DATASET_DEFAULT_CONFIG = {
    "MY_DATASET": {
        "raw_dir": "",
        "database": "my_database_name",
        "database_all_file": "my_database_name",
        "num_node_types": 3, # Number of node types in the dataset __format__ (i.e., in pidsmaker/utils/dataset_utils.py)
        "num_edge_types": 10, # Number of edge types in the dataset __format__ (i.e., in pidsmaker/utils/dataset_utils.py)
        "start_date": "2018-04-02", # Start date (Inclusive)

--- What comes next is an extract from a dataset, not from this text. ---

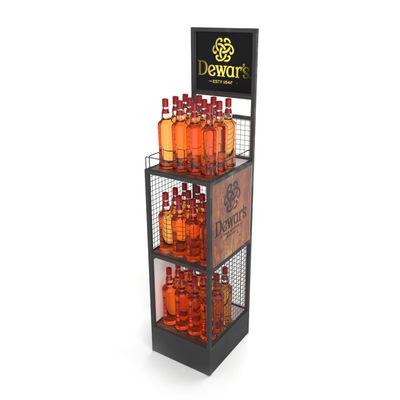 Hot Selling Supermarket Double-side Wine Bottle Display Rack Floor Wine Display Stand With Custom Logo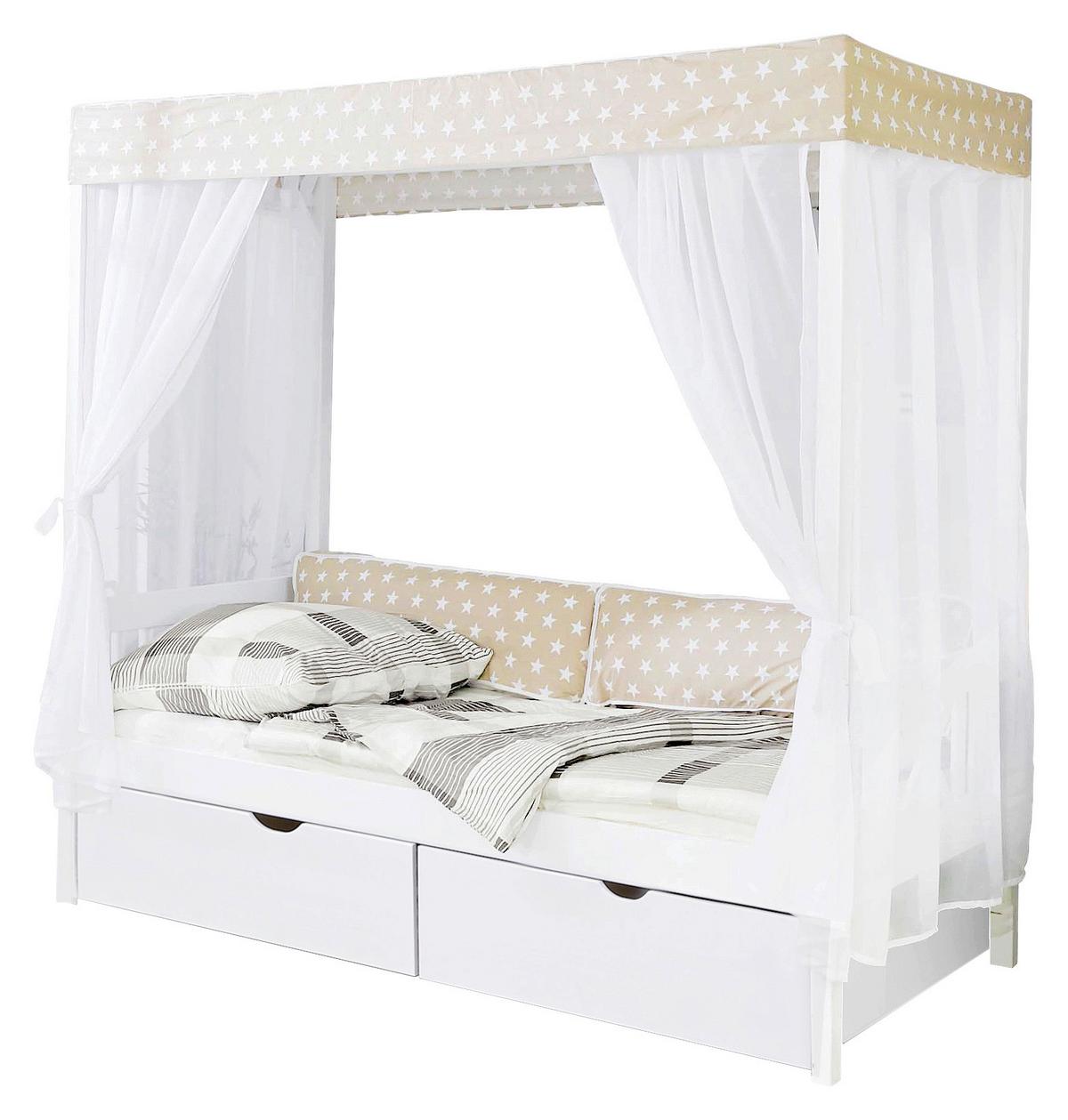 Posteľ s nebesami LINO záves béžovo-biely - biela/béžová, Modern, drevo (90/200cm) - MID.YOU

        "end_date": "2018-04-14", # End date (Exclusive)
        "train_dates": [
            # Dates/graphs used for training (i.e., benign activity)
            "2018-04-02",
            "2018-04-03",
            "2018-04-04",
            "2018-04-05",
            "2018-04-07",
            "2018-04-08",
            "2018-04-09",
        ],
        "val_dates": [
            # Dates/graphs used for validation/threshold calibration (i.e., benign activity)
            "2018-04-10"
        ],
        "test_dates": [
            # Dates/graphs used for testing (i.e., contains both benign and attack activity)
            "2018-04-06",
            "2018-04-11",
            "2018-04-12",
            "2018-04-13"
        ],
        "unused_dates": [
            # Any unused dates/graphs that should be ignored
             "2018-04-14"
        ],
        "ground_truth_relative_path": ["MY_DATASET/labels.csv"],
        "attack_to_time_window": [
            ["MY_DATASET/labels.csv", "2018-04-11 10:00:00", "2018-04-12 12:00:00"],
        ],
    },
}

Then follow the database creation guide to load your data.